I think it was something about your relationship with a minor.

Anyway - you started it.

You should be proud.

I had a kind of revelation yesterday - I don't know if it's happened to anyone else, but I was playing on my bass, and I just kinda realised that the bass is the only instrument I wanna play. I already knew it was my primary instrument, but it just really hit me yesterday.

Did something similiar ever happen to anyone else?

Exciting stuff.

Follow that road J !

Unfortunately, we're all far to busy arguing to pay attention.

But yes .... I recall that kind of feeling.

Lucky boy.

I'd say it's alright, it's not like every song has to be completely different from each other :)

Uh-oh.

Now we've got Timothey trying to drag it back on track.
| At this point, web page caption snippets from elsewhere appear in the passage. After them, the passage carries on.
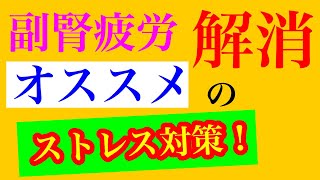 【副腎疲労 治し方 対処法】副腎疲労解消！オススメのストレス対策！【副腎疲労症候群専門 整体 秋田市】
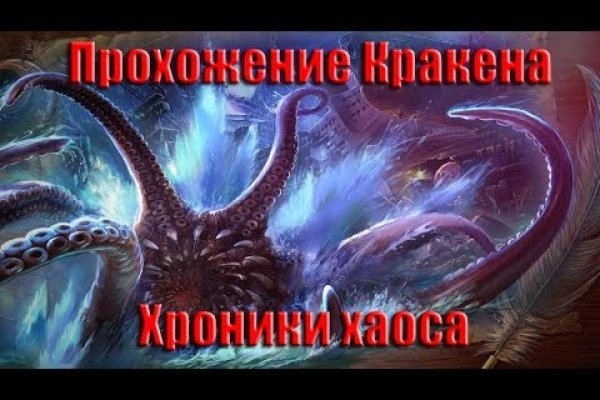 Кракен площадка что это
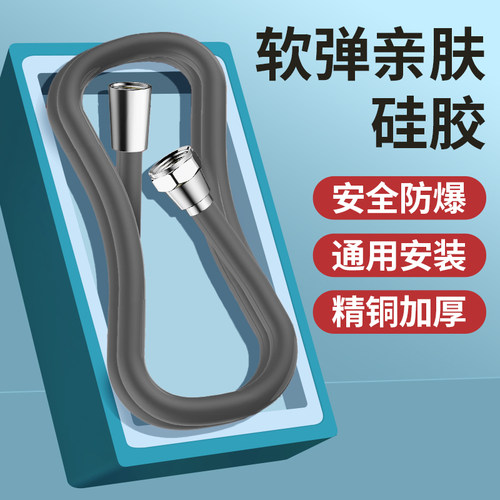 灵轩花洒软管通用连接管热水器水管浴霸出水管配件德国防爆淋浴管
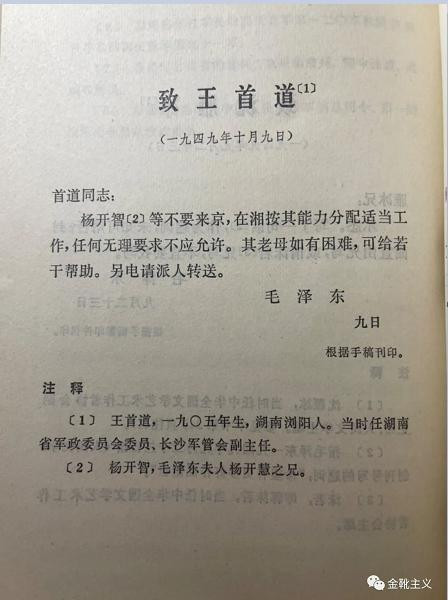 1965年，毛主席：“干部子弟是一大灾难!”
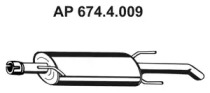 Амортизатор EBERSPÄCHER 674.4.009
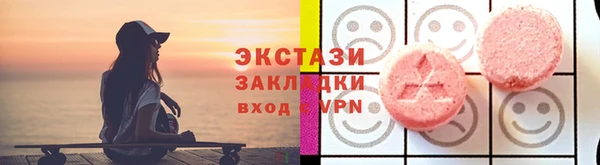 молекула духа Алексеевка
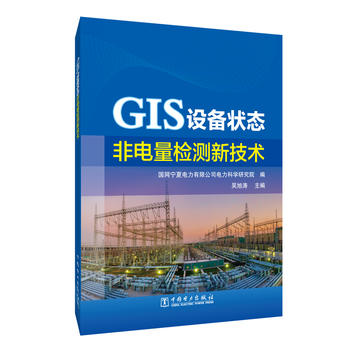 GIS设备状态非电量检测新技术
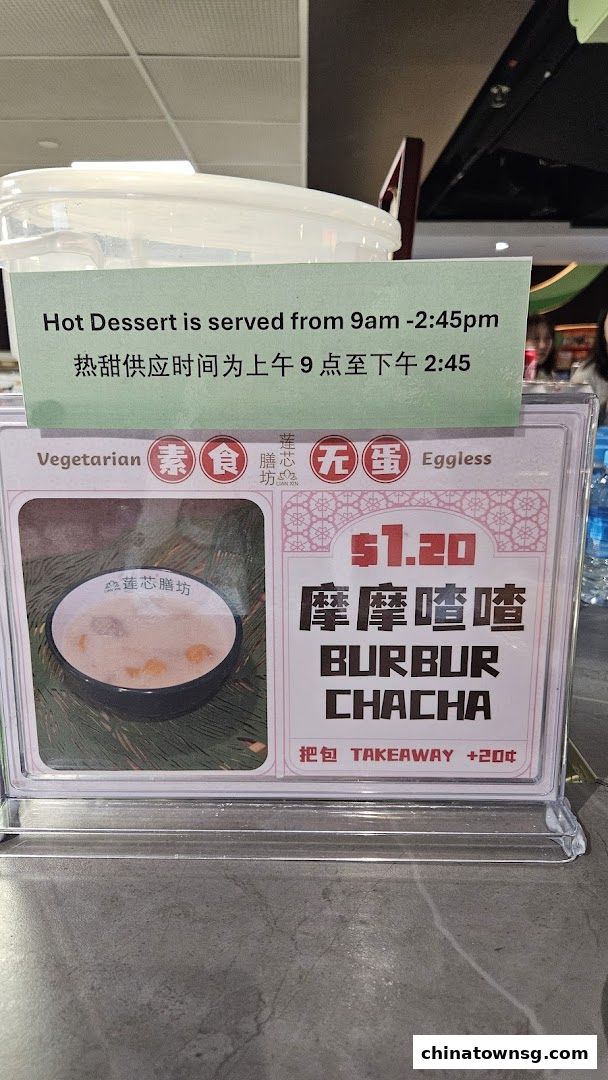 Lian Xin Vegetarian Food Court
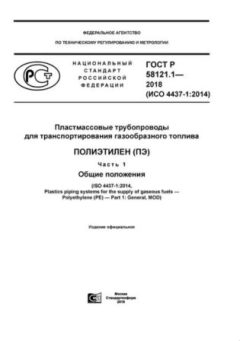 GOST R 58121.1-2018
Don't worry - I'll fix that.

A note on tab. There are lots of kinds of tabs, from full song transcriptions to lead tabs. And they come in a variety of flavors. There's the generic ASCII tab that uses numbers and keystrokes to indicate fret-position, there are tabs that combine notes on a staff and tab below. And then there are tabs produced in freeware or professional software applications.

etcetera...

That all sounds good and great for what it is and what it does.

But, as a language, isn't it still somehow 'isolationist' in its sytem ?

Does it, can it, work as a tool to enhance and aid someone's harmonic understanding ?

It's the heuristic value I'm interested in.